I
 yet you bent like the secret about to be released
 and the command you chose to give us was beautiful
 and your smile was like a ready sword.
 The ascent of your cycle livened creation
 from your thorn emerged the way’s thought
 our impulse dawned naked to possess you
 the world was easy: a simple pulsation.
  II
 The secrets of the sea are forgotten on the shores
 the darkness of the depths is forgotten in the surf;
 the corals of memory suddenly shine purple. . .
 O do not stir. . . listen to hear its light
 motion. . . you touched the tree with the apples
 the hand reached out, the thread points the way and guides you. . .
 O dark shivering in the roots and the leaves
 if it were but you who would bring the forgotten dawn!
 May lilies blossom again on the meadow of separation
 may days open mature, the embrace of the heavens,
 may those eyes alone shine in the glare
 the pure soul be outlined like the song of a flute.
 Was it night that shut its eyes? Ashes remain,
 as from the string of a bow a choked hum remains,
 ash and dizziness on the black shore
 and dense fluttering imprisoned in surmise.
 Rose of the wind, you knew but took us unknowing
 at a time when thought was building bridges
 so that fingers would knit and two fates pass by
 and spill into the low and rested light.
  III
 O dark shivering in the roots and the leaves!

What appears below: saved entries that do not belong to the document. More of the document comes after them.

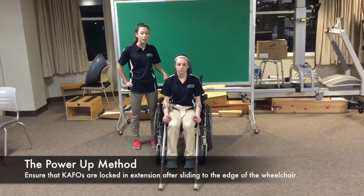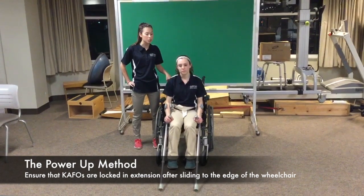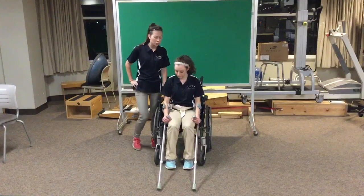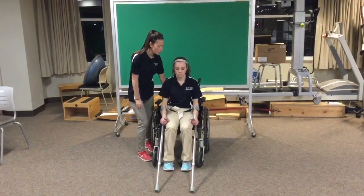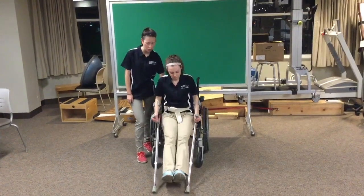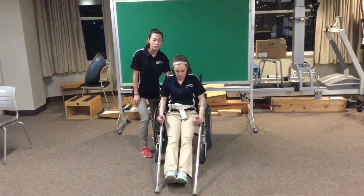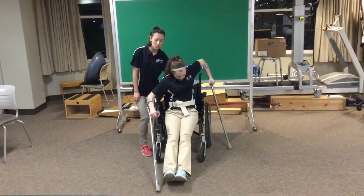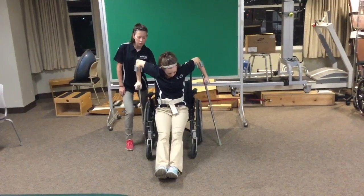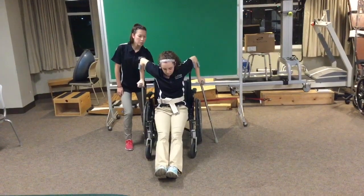This is the power-up method. You're only going to use this method for people with a lot of upper body strength, as this is a more challenging position. You're going to begin again with the wheelchair locked, and place the gait belt around the patient and hold onto the gait belt at all times. Next, have the patient scoot forward in the wheelchair so their body is at the edge of the seat. Then have the patient reposition the crutches so that their shoulders are in extension. The patient is now going to place all their weight through the grips to stand up, maintaining the C shape in their spine.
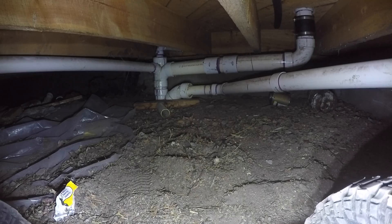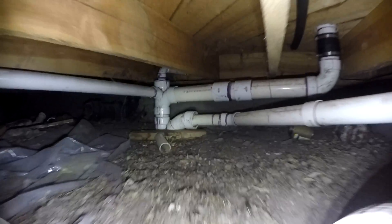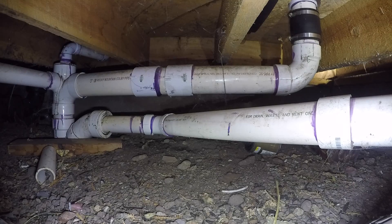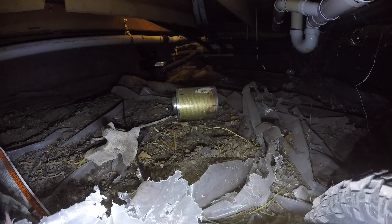The LEDs provide plenty of light for the GoPro camera. This is actual footage from the GoPro showing the incredible high definition video quality — you can even read the writing on these PVC pipes. Here you see what looks like a vertebrae and a can of glue.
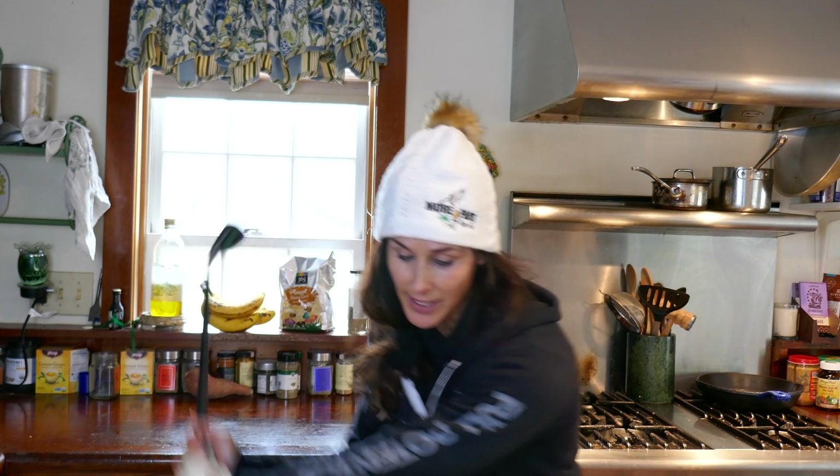So you can see when I close it, how the cheek works this way — my back end works that way instead of that way. That's a big deal. And this is just a fun way to do it in the kitchen.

 Come forth sleepless form in the gathering silence
 raise your head from your cupped hands
 so that your will be done and you tell me again
 the words that touched and merged with the blood like an embrace;
 and let your desire, deep like the shade of a walnut tree, bend
 and flood us with your lavish hair
 from the down of the kiss to the leaves of the heart.
 You lowered your eyes and you had the smile
 that masters of another time humbly painted.
 Forgotten reading from an ancient gospel,
 your words breathed and your voice was gentle:
 ‘The passing of time is soft and unworldly
 and pain floats lightly in my soul
 dawn breaks in the heavens, the dream remains afloat
 and it’s as if scented shrubs were passing.
 ‘With my eyes’ startling, with my body’s blush
 a flock of doves awakens and descends
 their low, circling flight entangles me
 the stars are a human touch on my breast.
 ‘I hear, as in a sea shell, the distant
 adverse and confused lament of the world
 but these are moments only, they disappear,
 and the two-branched thought of my desire reigns alone.
 ‘It seemed I’d risen naked in a vanished recollection
 when you came, strange and familiar, my beloved
 to grant me, bending, the boundless deliverance
 I was seeking from the wind’s quick sistrum. . .’
 The broken sunset declined and was gone
 and it seemed a delusion to ask for the gifts of the sky.
 You lowered your eyes. The moon’s thorn blossomed
 and you became afraid of the mountain’s shadows.
 in the depths of time, how the heart contracts
 and vanishes in the rocking of a foreign embrace. . .
  IV
 Two serpents, beautiful, apart, tentacles of separation
 crawl and search, in the night of the trees,
 for a secret love in hidden bowers;
 sleepless they search, they neither drink nor eat.
 Circling, twisting, their insatiable intent
 spins, multiplies, turns, spreads rings on the body
 which the laws of the starry dome silently govern,
 stirring its hot, irrepressible frenzy.
 The forest stands as a shivering pillar for night
 and the silence is a silver cup where moments fall
 echoes distinct, whole, a careful chisel
 sustained by carved lines. . .
 The statue suddenly dawns. But the bodies have vanished
 So the beauties nature grants us are born
 but who knows if a soul hasn’t died in the world.
 The parted serpents must have circled in fantasy
 (the forest shimmers with birds, shoots, blossoms)
 their wavy searching still remains,
 like the turnings of the cycle that bring sorrow.
  V
 Where is the double-edged day that had changed everything?
 Won’t there be a navigable river for us?
 Won’t there be a sky to drop refreshing dew
 for the soul benumbed and nourished by the lotus?
 On the stone of patience we wait for the miracle
 that opens the heavens and makes all things possible
 we wait for the angel as in the age-old drama
 at the moment when the open roses of twilight
 disappear. . . red rose of the wind and of fate,
 you remained in memory only, a heavy rhythm
 rose of the night, you passed, undulating purple
 undulation of the sea. . . The world is simple.